The decision is another legal setback for a pending Biden administration policy that has been under attack by Republican attorneys general.

U.S. District Judge Danny C. Reeves referred to the regulation as “arbitrary in the truest sense of the word” in granting a preliminary injunction blocking it in Kentucky, Indiana, Ohio, Tennessee, Virginia and West Virginia. His ruling comes days after a different federal judge temporarily blocked the new rule from taking effect in Idaho, Louisiana, Mississippi and Montana.

The ruling Monday in Kentucky was applauded by the state’s GOP attorney general, Russell Coleman, who said the regulation would undermine equal opportunities for women.

“The judge’s order makes clear that the U.S. Department of Education’s attempt to redefine ‘sex’ to include ‘gender identity’ is unlawful and beyond the agency’s regulatory authority,” Coleman said in a statement.

The two cases are among at least seven backed by more than 20 Republican-led states fighting President Joe Biden’s rule. Set to take hold in August, the policy expands Title IX civil rights protections to LGBTQ+ students, expands the definition of sexual harassment at schools and colleges, and adds safeguards for victims.
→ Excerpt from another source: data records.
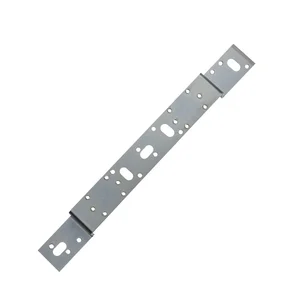 Планка монтажная двойная Raftec PPS-00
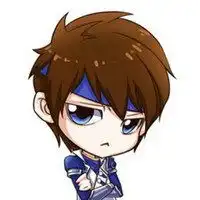  赵云头像q版q版霸气赵云头像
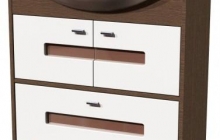 54.02 Тумба под умывальник 65 Рио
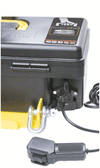 Superwinch Winch2Go SR 12v Portable Winch - Synthetic Rope - 1140232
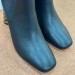 Ботильоны Cristian Dior Icon F6460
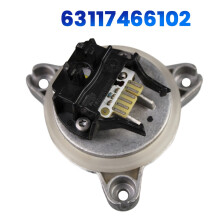 63117466102 Autokoplamp LED-Dagrijverlichtingbron voor  X3 G01 X4 G02 2016-2019 DRL-Rijlichtmodule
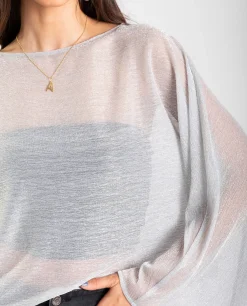 JERSEY DESIRE · PLATA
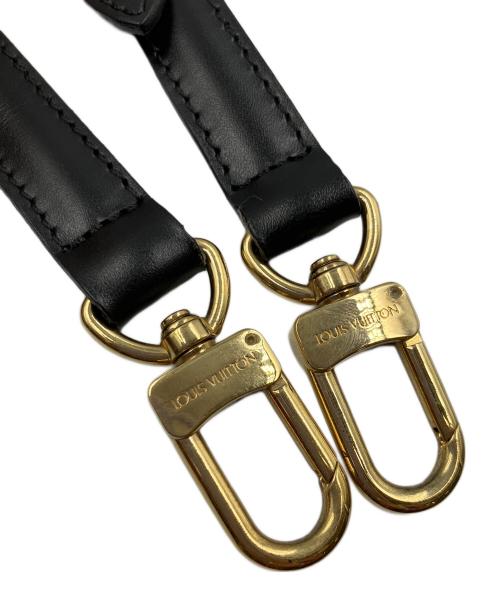 LOUIS VUITTON（ルイ ヴィトン）LOUIS VUITTON (ルイ ヴィトン) エピ モンソー ノワールの古着・服飾アイテム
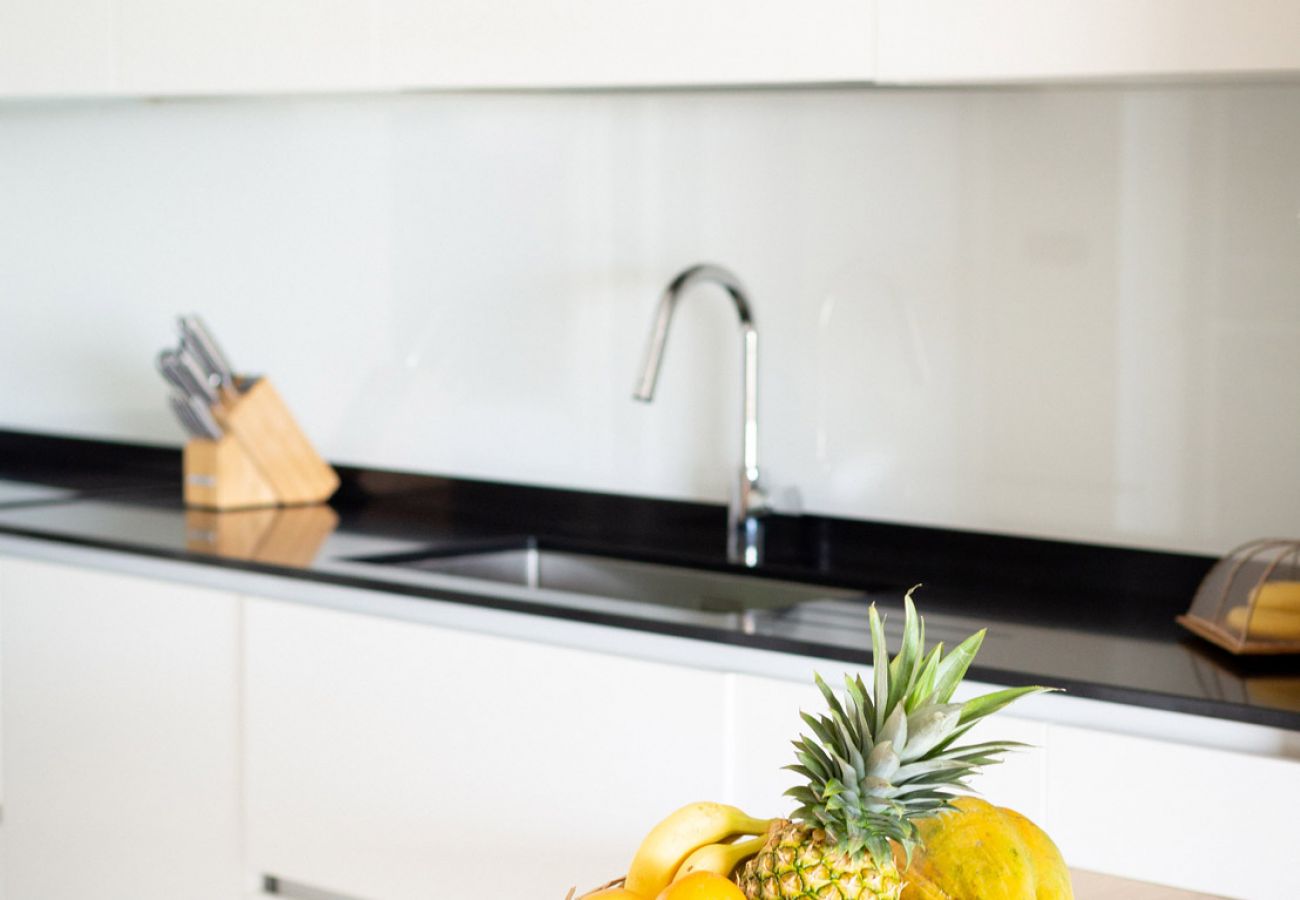 Villa in Le Diamant - EDEN ROC VILLAS 1 / Villa Cullinan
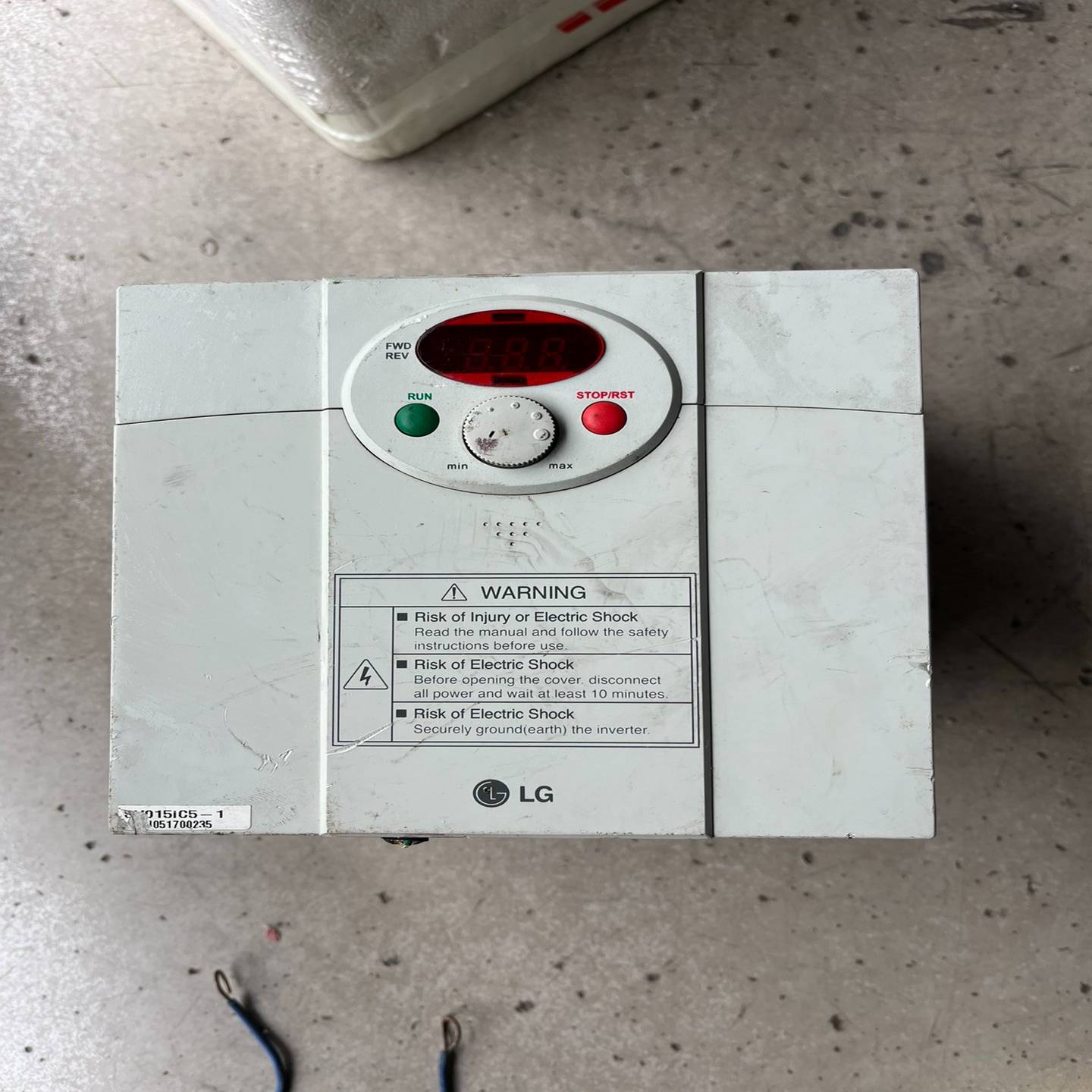 LS变频器1.5KW SV015iC5-1 ，功能包~询价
In another lawsuit, the Education Department on Friday asked a federal judge in Missouri to deny a request for a preliminary injunction against the new rule. The lawsuit was filed last month by the Republican attorneys general from Arkansas, Iowa, Missouri, Nebraska, North Dakota and South Dakota.

The department said enjoining the rule “would substantially harm the federal government’s interest in preventing discrimination in federally funded educational programs and activities.”